二人がいなければ多分無理だった。クリスに言えばそれももっと簡単だったんだろうけれど、クリスの力は借りたくなかったのと、驚かせたくてひとりで頑張ったのだ。ジルとピアーズにもわざわざ伝えるな、と口封じをして。

「……ナツキ、それは本当か……?」

呆然としたまま、クリスが尋ねてくる。ワッペンを叩いて、ナツキは不敵に笑って大きく頷いた。
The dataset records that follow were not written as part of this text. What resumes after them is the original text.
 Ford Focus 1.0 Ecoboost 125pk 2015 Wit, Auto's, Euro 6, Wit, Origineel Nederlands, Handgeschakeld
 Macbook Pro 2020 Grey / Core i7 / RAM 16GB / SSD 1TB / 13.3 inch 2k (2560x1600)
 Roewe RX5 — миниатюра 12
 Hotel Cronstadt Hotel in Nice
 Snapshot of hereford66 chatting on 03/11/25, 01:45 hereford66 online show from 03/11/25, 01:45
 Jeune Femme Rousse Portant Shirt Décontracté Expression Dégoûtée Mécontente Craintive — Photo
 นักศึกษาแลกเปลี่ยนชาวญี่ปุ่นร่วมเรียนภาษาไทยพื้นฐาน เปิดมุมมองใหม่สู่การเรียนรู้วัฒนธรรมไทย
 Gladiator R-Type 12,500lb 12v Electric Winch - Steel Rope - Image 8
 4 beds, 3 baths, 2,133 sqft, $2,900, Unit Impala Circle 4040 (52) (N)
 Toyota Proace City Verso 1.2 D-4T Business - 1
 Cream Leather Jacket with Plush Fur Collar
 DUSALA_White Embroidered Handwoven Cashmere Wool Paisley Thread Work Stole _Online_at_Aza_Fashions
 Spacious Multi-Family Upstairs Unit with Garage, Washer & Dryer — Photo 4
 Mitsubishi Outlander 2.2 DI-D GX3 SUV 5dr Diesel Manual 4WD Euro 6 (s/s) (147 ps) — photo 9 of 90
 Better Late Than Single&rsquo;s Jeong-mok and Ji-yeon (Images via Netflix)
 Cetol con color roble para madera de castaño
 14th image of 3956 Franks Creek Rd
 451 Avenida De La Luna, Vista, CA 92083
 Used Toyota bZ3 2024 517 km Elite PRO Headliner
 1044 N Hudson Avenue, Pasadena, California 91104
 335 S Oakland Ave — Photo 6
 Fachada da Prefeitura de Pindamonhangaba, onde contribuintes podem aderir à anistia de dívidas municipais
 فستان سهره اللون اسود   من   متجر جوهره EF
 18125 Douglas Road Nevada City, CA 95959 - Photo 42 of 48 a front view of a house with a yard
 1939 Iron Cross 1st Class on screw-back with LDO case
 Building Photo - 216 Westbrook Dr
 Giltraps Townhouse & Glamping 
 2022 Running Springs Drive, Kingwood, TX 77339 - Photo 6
「ずっと内緒にしてたんだ。ジルとピアーズにも協力してもらって!ドッキリ大成功!」

ぶいぶいぴーとピースをしてウインクひとつ。釣られたようにクリスも笑みを浮かべた。

「〜っとに、驚かせやがって!」
「ちょっ、わ、髪の毛乱れるってば!」

荒っぽく頭をかき混ぜられて、折角の髪型が鳥の巣に変身する。あぁ、もう。むすりとして髪を手櫛で整えて、クリスを睨む。

「悪い悪い、ついな」

愉快そうに頬を緩めながらおざなりに謝られたが、ちっとも謝られている気がしない。

「何するんだよ、クリス」
「隊長、だろ」
「えー……」

"隊長"を強調されて、俺は面倒くさいと顔を顰めた。いつも"クリス"と呼んでいたから、いきなり"レッドフィールド隊長"なんて呼ぶのはむず痒い。

「ほら、呼んでみろ」

促されると、呼ぶのが照れ臭くなって渋る。もだもだしていたら「早くしろ」なんて急かされて、仕方ないなと小さく息を吐き出した。

「隊長、これからもよろしく!」

それにクリスが含み笑いをしながら頷く。笑い混じりのそれにナツキはちょっぴり頬を膨らませた。

「さあ、行くか。遅れるなよ?」
「隊長こそ遅れないでよ?」

一度口に出してしまえば、恥ずかしさも違和感もどこかにいってしまった。

クリスとまた一緒にいられる。その事実がとても嬉しくて。俺はまだまだ未熟だけれど、今はこうやってクリスと肩を並べられる、それだけで充分だ。

クリスと共に店を出た。涼しい風が吹き抜けて、俺は目を細める。真新しい衣服はまだ少し固くて動きにくいけれど、新しい一歩は軽い。


まだ知らない未来に向けてナツキは歩きだした。